BY BALFORD HENRY Senior staff reporter

Sunday, January 12, 2014

THE Government has acknowledged that the smoking ban introduced last July by the minister of health is having a significant negative impact on its revenue projections for the current fiscal year.

In its Fiscal Policy Paper 2013/14 Interim Report tabled in the House of Representatives late December, Minister of Finance and Planning Dr Peter Phillips pointed to a significant decline in taxes from tobacco sales as one of the primary reasons for the shortfall in tax revenues up to then.

"A significant decline in receipts from tobacco, as a result of the smoking ban in public spaces, effective July 15, 2013, also contributed to the reduction in SCT (Special Consumption Tax)," Phillips noted in the report, which is to be studied by Parliament's Public Administration and Appropriations Committee (PAAC) on Wednesday.

The minister has since confirmed the report in interviews with the media but has maintained that no new taxes will be introduced to cover a widening gap in revenue projections expected to continue into 2014/15.

Phillips is also insisting that while the revenues are being impacted by the ban, the revenue targets for 2013/14 will not be changed.

He first made the statement while responding to questions from former Opposition spokesman on Finance Audley Shaw, who expressed concern in the House about the revenue loss implications for both the industry and the Government from a reduction in cigarette consumption, up to next March when the current financial year ends.

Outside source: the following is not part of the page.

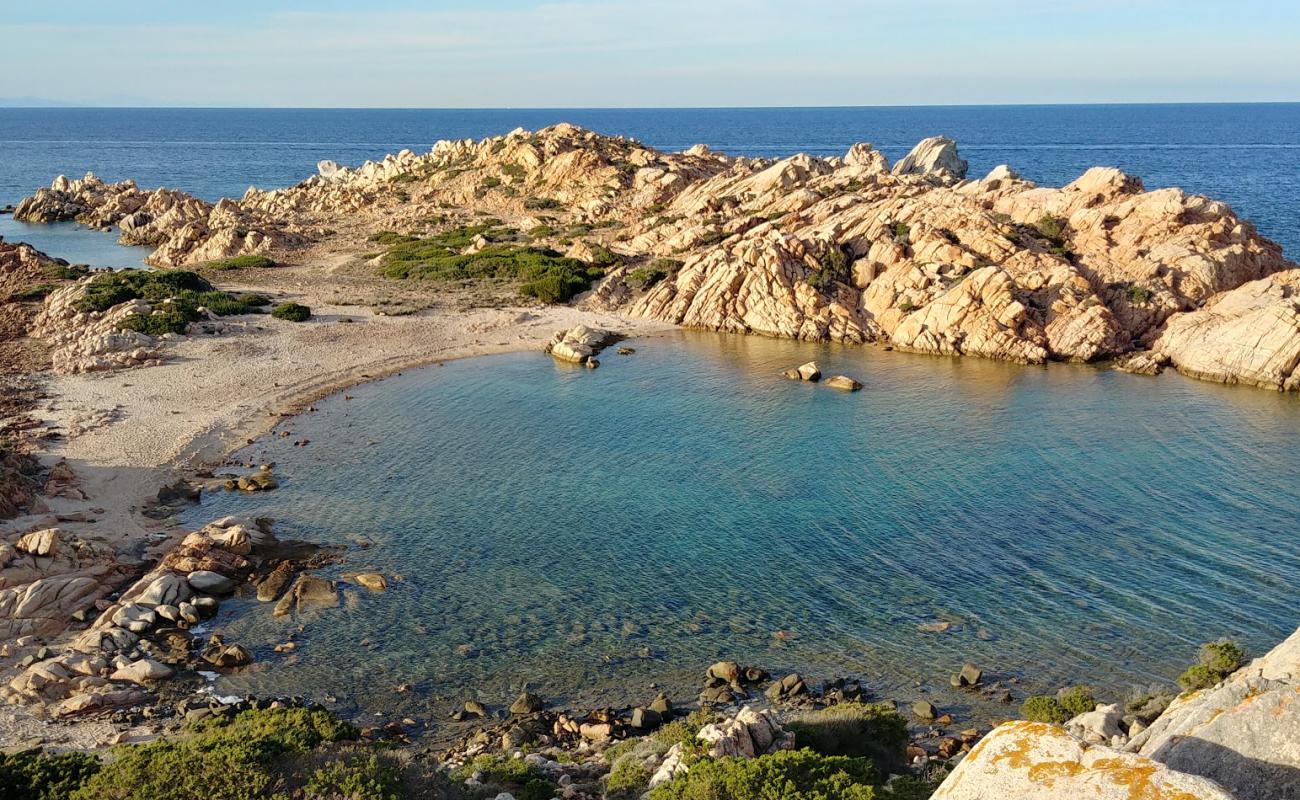 Photo de Punta Crucitta beach avec sable lumineux de surface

"We will continue to monitor the situation, but I want to make it absolutely clear that the revenue numbers that the government announced will remain, and that there will be no slippage in relation to overall targets for revenue," Phillips responded.

Shaw insisted then that the Government was "operating in the dark" because although the ban was imposed on cigarette consumption and not cigarette sales, it should have been obvious that sales would have been affected.

"The issue, therefore, will have to be how will that be replaced, going forward," Shaw commented.

Dr Phillips responded that, "all things being equal", there would be a reduction in consumption, but there was no indication of the pace at which the reduction would occur.

One of the areas which is being seriously affected by the reduction is the National Health Fund (NHF). Cigarette producer Carreras says that the bulk of the approximately $11 billion in taxes on cigarettes finances up to 75 per cent of the NHF's activities. However, communications director at the Ministry of Health, Neville Graham, is insisting that only 25 per cent of the NHF's budget is actually financed by cigarette tax revenue.

Graham also conceded that the smoking ban was affecting receipts from cigarette sales, but explained that when it was first raised by Carreras last year there was no evidence to support the claim.